A Brahma, before he can be recognized as such, is called upon to subscribe to a settled form of faith and practice. The cardinal points of his faith are: —
1. In the beginning there was nothing but the one true God. He it was who created the universe.
2. He is the true, the good, and the living God; present in all time, pervading all space, infinite, omnipotent, everlasting.
3. In His worship is our true happiness in this world, and only salvation in the next.
4. Our true worship consists in loving the Lord, and fulfilling the duties He has enjoined.
These are the cardinal points of faith, which every Brahma binds himself to cherish. As regards his practice, he publicly renounces idolatry, and holds himself to a daily offering of prayer and worship to the one true God. You will perceive that the four doctrinal points, as I have given them, include to the full the doctrine of Immortality. It is written that the soul’s true worship of its Maker, dependence on His absolute goodness, and fulfilling of the Law, are the means of its salvation in the world to come. Our solid hope of immortality proceeds from our consciousness of that union with the divine, which has its beginning only in this world, but which is a sure guarantee of the life everlasting and bliss undying which is reserved to the faithful, the very shadow of which supports the soul in her sorrows and trials in this world.
There have been some attempts recently made to establish some sort of ceremonial in accordance with the principles of Brahmaism. The first impetus was given to them by the respected Acharya of the Somaj on the occasion of his daughter’s marriage. It has been for a long time our Acharya’s earnest endeavour to get rid of idolatry in all its branches. He waited till all was ripe for his noble design, and on the occasion of his daughter’s marriage he succeeded in striking a deadly blow against idolatry, which has not since dared to show its face in his family. This merely negative step of breaking through idolatry created such a sensation among the Acharya’s relatives, that one and all kept themselves aloof from the wedding. To do away completely with idolatrous portions of the marriage ceremony, mere removal of the idol was not enough; some Mantras used on that occasion, and some other portions of the ceremony, had to be rejected.
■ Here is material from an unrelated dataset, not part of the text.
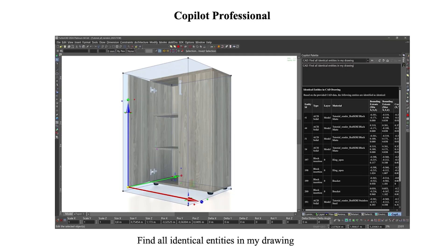Co-Pilot Professional not only extracts properties and attributes, but also extracts and interprets geometry. Do you need to identify identical entities in your file? Co-Pilot can examine your CAD data for similar geometry.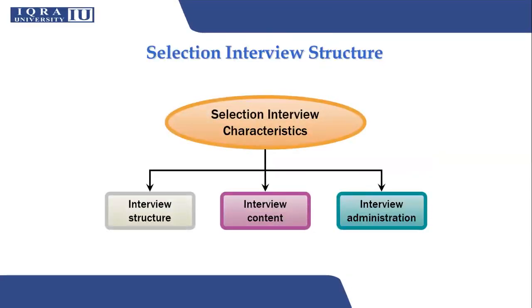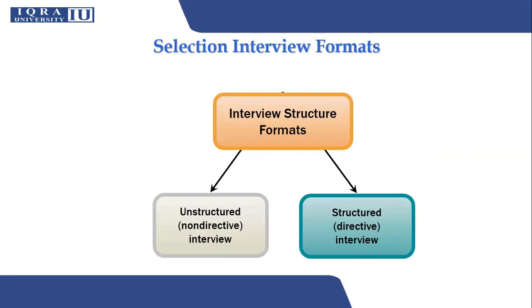We can classify selection interviews according to how they are structured, their content, the types of questions they contain, and how the firm administers the interview. In an unstructured or non-directive interview, the manager follows no set format and few questions are specified in advance. Most selection interviews fall in this category. However, structured or directive interviews are ones in which the employer lists job-oriented questions ahead of time with predetermined answers for appropriateness and scoring.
This improved ceremonial has since been adopted by a few Brahma families. Not only marriage, but Nama Kurana mourning and other domestic ceremonies, have been invested with a new form.
I need scarcely remark here, that although something has been done to discard idolatry, and to spread the doctrines of pure Theism in Bengal, yet much remains to be accomplished. Some of the leading Brahmas seem to forget that our religious education cannot go on isolated from our social and moral culture, that all the different parts of our inner life are intimately connected. Duty and good work are the limbs of Brahmaism, without which faith is lame and powerless. We have the mass of the people to educate and generally to elevate. We have to emancipate our ladies from the darkness of ignorance and the degrading thraldom of the zenana. We have to pull down idolatry and caste, which have enslaved the heart and intellect of millions of our flesh and blood. We have to do all this and more, before we can rear up the superstructure of a pure religion on a sound and durable basis. The social life of a Hindu is thoroughly interwoven with un- meaning forms of religion, The whole system of caste is a monstrous imposition sanctioned by religion. The Brahmana must put on his sacred thread, which is the badge of his spiritual superiority. All purely social acts have a religious sanction attached to them. A Brahmana therefore who has renounced with all his heart idolatry and Hindu superstitions, has to exert his moral courage at every step of his life’s career. The Brahmas, as I have already hinted, now admit no book-revelation. They admit, indeed, that there is some manifestation of divine will in ail revelations, inasmuch as they are utterances of souls religiously pure and noble. But the great doctrine on which the Brahmas stand, is internal revelation— revelation to individual souls. As there arise now and then in this world prodigies of intellect, towering above their fellow beings, so there are sent men gifted with religious and moral intuitions in far more than ordinary measure. They are meant as our examples. The great Being who sends to this world individuals strongly stamped with the divine, does not yet cease to inspire the world with His presence and reveal Himself to the prayer of faith. It is to Him only that we are bound to offer our tribute of worship and allegiance. The Brahmas, however, would not fail to appreciate the beauty of the moral precepts of Christ, or the sense of absolute trust and dependence on Providence, as taught by Mohammed.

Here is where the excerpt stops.